Two results from routine exercise
tests can be combined to predict risk of death from all causes in adults over
a five-year period, according to a Cleveland Clinic study published
today in the Journal of the American Medical Association.
"Although exercise testing has been commonly used for decades, doctors
have been focusing primarily on the electrocardiogram, instead of other,
simpler measures which actually give more useful information," said Michael S.
Lauer, M.D. "When the exercise test is interpreted correctly, it may well be
one of the most powerful and cost-effective measures of health we have."
Dr. Lauer is Director of Clinical Research in the Department of Cardiology
at The Cleveland Clinic Foundation. He also directs the Exercise Testing
Laboratory. Dr. Lauer has received funding from the American Heart
Association for exercise test research. He has not received funding from
private corporations interested in exercise testing.
Cleveland Clinic investigators studied 9,454 patients who underwent
exercise testing between 1990 and 1998. The patients were followed on average
for five years, during which time 312 died. Two stress test results that
accurately predicted mortality risk were the amount the heart rate fell during
the first minute after exercise and the length of time that the patient
exercised until exhaustion.
The first measurement is heart rate recovery, Dr. Lauer explained. That
measurement is taken by recording the heart rate when the patients complete
the test and again one minute later. The investigators found that in 20
percent of the patients, the heart rate fell by 12 beats per minute or less.
Those patients were four times as likely to die, compared with patients whose
heart rates fell by more than 12 beats per minute.
The other measurement is a treadmill score that is largely dependent on
the amount of time a patient exercised on the treadmill. Patients had to be
able to exercise for at least five to eight minutes on a progressively
accelerating treadmill. This score ranked at high risk in 21 percent of
patients; they also had a four-fold increased mortality risk.

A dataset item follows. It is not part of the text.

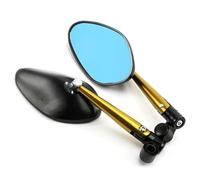 Handlebar Wing Mirrors Motorcycle Side Rearview Mirrors For BMW K1300 K1200 F800 F650 G650 Handlebar Convex Rear View Mirror Reversing Mirror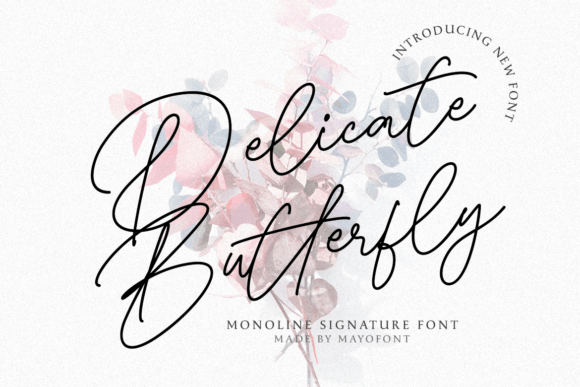 Delicate Butterfly: A Web Designer’s Take on Elegant Script Fonts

"What was particularly interesting was what we observed when we combined
both readings," Dr. Lauer said.
The risk of death was approximately 3 percent per year for the 10 percent
of patients for whom both findings were abnormal, Dr. Lauer said. By
comparison, that risk dropped to approximately 1 percent per year for the
27 percent of patients whose exercise test results showed one abnormal
finding. Two-thirds of patients tested showed normal findings for both heart
recovery and treadmill score. Their risk of death was 0.2 percent. Dr. Lauer
said the test functioned as a way to predict death regardless whether the
patient was tested after complaining of chest pains or other symptoms or was
tested as part of a routine physical.
The exercise test is one of the most common non-invasive tests
administered in the United States each year. Physicians traditionally have
concentrated on the electrocardiogram obtained during the test, using it to
determine whether the test is normal or not. Patients with abnormal
electrocardiograms might be referred for other tests and specialists'
"In fact, we found that the electrocardiogram tracings were the least
useful piece of information obtained," Dr. Lauer said. "Our findings, along
with those of researchers from other institutions, suggest that it is time
that we radically change the way we read exercise tests, and in that way,
better serve our patients."
Most patients who have a normal treadmill score and a normal heart rate
likely do not need further tests or medication, Dr. Lauer noted. Patients who
have abnormalities may then be candidates for further testing or treatment,
Dr. Lauer observed.
"For many years, the idea of a 'screening' exercise test didn't make much
sense to many of us in cardiology," Dr. Lauer said. "The current findings
suggest, however, that there may be a good role for screening exercise tests,
but only as long as we pay more attention to exercise time and heart rate
changes, rather than the electrocardiogram."
Dr. Lauer joined the Cleveland Clinic in 1993. He received his MD from the
Albany Medical College in Albany, N.Y., and completed training in Internal
Medicine, Cardiology, and Clinical Effectiveness at Harvard Medical School,
the Harvard School of Public Health, Massachusetts General Hospital, and Beth
Israel Hospital, all in Boston. He specializes in clinical cardiology,
exercise testing and cardiovascular epidemiology.